Summary
The episode “Past = Present x Future Over Yesterday,” so far is the best episode of the season.
This Barry Season 2 Episode 3 recap for the episode titled “Past = Present x Future Over Yesterday” contains spoilers. You can check out our thoughts on the previous episode by clicking these words.
Last week on Barry, his attempt to whack Esther, the head of the Burmese crime family, didn’t go as planned when he had flashed back to Afghanistan and how Sally called him a good man. He then loses his edge in the process; as he goes to leave, his cool concentration has evaporated, causing him to walk into a room of armed bad guys pretending to be monks, and they chase him down the street as they shoot up his car full of bullets, crashing his car, and managing to getaway. When he gets back to his apartment, Fuches is waiting, fresh from Ohio, where he was interrogated, who flipped him and is sitting in a van, listening in. Tonight’s episode, titled “Past = Present x Future Over Yesterday,” finds most of the characters sorting out their past mistakes while dealing with a current one.
The episode opens with an inspired dream sequence, with Hank falling asleep while reading That Used to Be Us. He then has an intellectual wet-dream of sorts, appearing on a political commentary show titled Smart People, telling three-time Pulitzer prize winner Thomas Friedman to “shut the fuck-up” because Asia will be done with after he puts a bullet in her watermelon-sized head. Of course, Cristobal lets him know that his “massive fumble turnover for Hank” didn’t go as planned.
Barry and Sally struggle to write their “truth” pieces, both not wanting to confront their past (but played out in different ways). They are hesitant to embrace their darkly personal memories as entertainment for everyone to see. Sally tells Barry that she is finding this therapeutic, even though she is dealing with delusions of Granger, remembering her big truth about leaving her abusive boyfriend with a grand line while going out the door as, “You want to choke me? Well choke on this, I’m leaving you!” even though her friend Kate, however, remembers things differently.
Meanwhile, Gene, who told his son last week he left when he was a child because you always “leave them wanting more, not less,” follows up with his estranged son Leo for a second try at reconnecting by coming up with a plan to sell his vacation home together. Unfortunately, he rejects the offer, telling him, “Dad, I don’t want the cabin where your girlfriend was murdered. That’s sick!”

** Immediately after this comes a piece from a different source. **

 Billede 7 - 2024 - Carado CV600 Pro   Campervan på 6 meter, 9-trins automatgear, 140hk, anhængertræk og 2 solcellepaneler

I’m not sure if I appreciated Anthony Carrigan’s effective comic turn as Hank in season one, but he has consistently delivered the funny this time around. His comic timing while delivering positive antidotes and affirmations about performing or during abominable acts perfectly complement Alec Berg and Bill Hader’s commitments in making all the death scenes in Barry sobering (the creators are on record as refusing to play out any death scenes as comic relief). This is what separates HBO’s show from other dark comedies, where most resort to killing someone funnily for the sake of being edgy; the show deals with death intensely. If you remember season one, when Barry shoots his friend in the car, it was played out with a shocking effect that gives it a dramatic weight.

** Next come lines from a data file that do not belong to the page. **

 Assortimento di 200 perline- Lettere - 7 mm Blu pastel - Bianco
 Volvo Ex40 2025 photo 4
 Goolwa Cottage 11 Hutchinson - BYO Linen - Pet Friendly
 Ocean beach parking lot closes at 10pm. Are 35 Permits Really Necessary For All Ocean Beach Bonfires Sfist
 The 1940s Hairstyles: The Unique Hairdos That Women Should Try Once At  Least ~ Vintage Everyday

Barry trying to come to terms with his “inherent darkness.” Even though acting was a life raft for him in season one, it has become therapy that forces him to look at his past in a new light because he feels he is now a different person. Bill Hader continues to show’s signs of being a gifted actor, acting as a straight man for most of the episode’s other characters, giving the audience a bit of his comic persona while also portraying great stress or intensity with a single glance. “Past = Present x Future Over Yesterday,” so far, is the best episode of the season.
Many questions are going into the next week’s episode, including how Gene’s relationship develops with his estranged son? Will Barry be able to turn Hank’s army from “pumpkins into Cinderella’s” after he tells the guys that his best friend (yup) is the “Air-Jordan of assassins?” Speaking of Hank, will his “bromance” with Cristobal continue to develop, or will it be headed for a divorce? Have we started to see the cracks in Sally’s self-involved persona as a front for being a victim of her abusive past? How will Barry turning back to Fuches affect Detective Loach’s investigation? Is Hank and Akhmal’s celebration the new Arrested Development “chicken dance” of our time?
However, the big question must be: after Sally chooses Barry to act as her abusive-ex Sam, she very literally pushes him into playing out the piece where he chokes her. When Barry walks out of the class, Sally follows him, and Sam is outside waiting for her; we are left to wonder if this is the turning point in whether he will get his mojo back. We can only hope because if Barry finds his nerve after Sally reunites with Sam, it should feel good for everyone watching at home.